Era manhã cedo. Tinha acabado de chover e abrira o sol. Achei que não ia chover mais, porque olhado o céu ele estava azulinho e apenas era cortado por uma linha recta deixada, pelo que adivinho, ter sido um avião que passou. Agarrei a bicla e lá fui estrada fora sem ter pensado em nenhum caminho especial. Sem destino. Apenas o relógio me ia dizer que passada a uma hora era hora de voltar. Este era o limite. E assim lá arranquei. Como sempre as ramadas das árvores ao pé do Golf da Penina continuam a invadir a estrada deixando uma berma muito estreita obrigando-me a pedalar sobre a linha branca, isto é, mais tangencial aos carros que têm medo de se desviar.
Entrado no conselho de Lagos resolvi virar para o Arão pois estava uma placa que dizia 4x4 dias 20 e 21 de Novembro. Lá fui eu. Muito barulho, muitos 4x4 de todos os feitios, mas a prova seria mais tarde pelo que percebi.

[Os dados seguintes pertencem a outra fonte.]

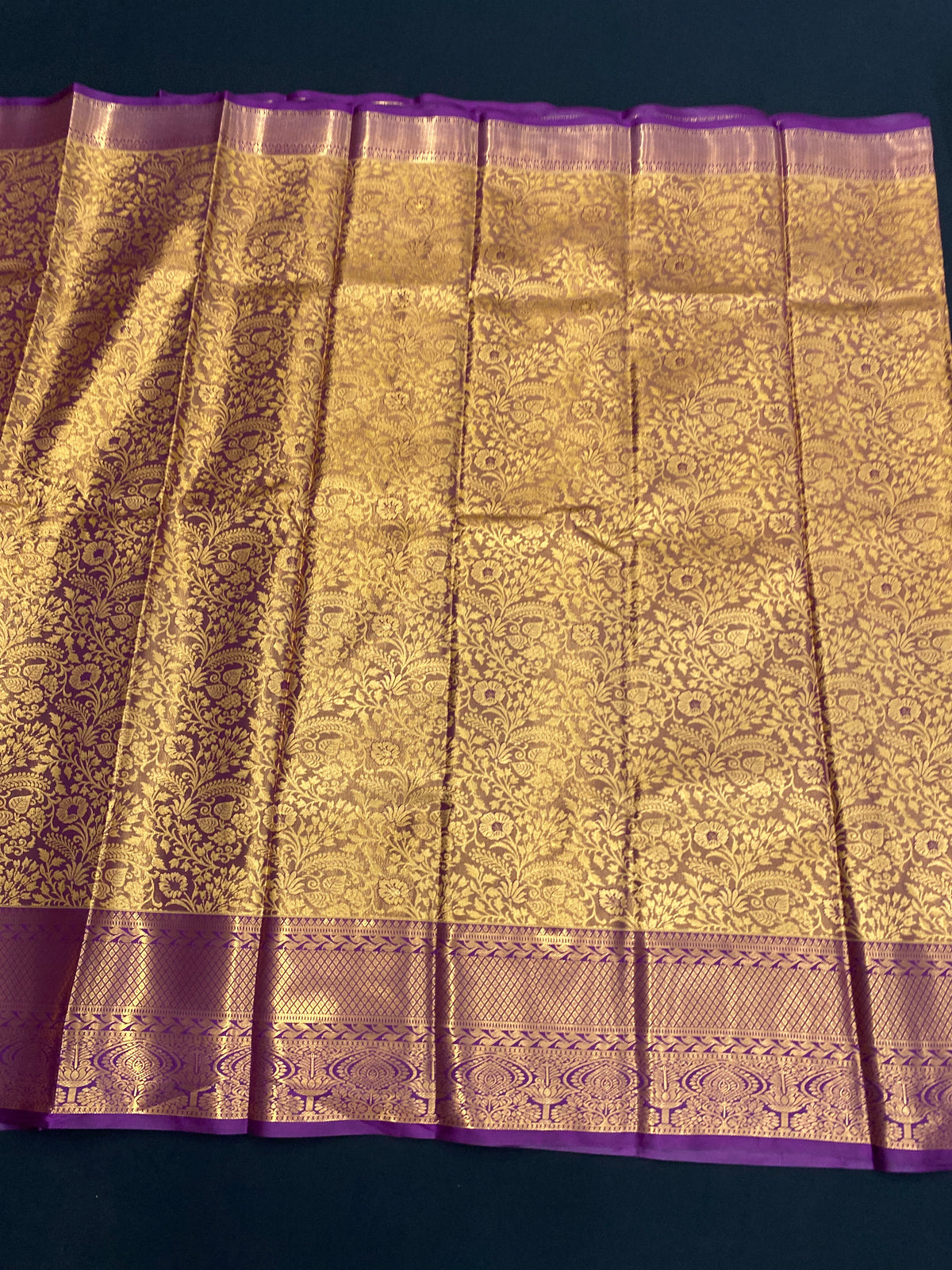 Kanchi pattu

Eu sai para andar de bicla e não para ver trial e coisas parecidas com muitos gases poluentes. Segui para a Pereira. Mas pedalava e a Pereira não aparecia. Marcada a hora há que voltar para trás. Cheguei a casa à tabela e sem sobressaltos.
Satisfeito porque hoje vi familias inteiras a pedalar na 125.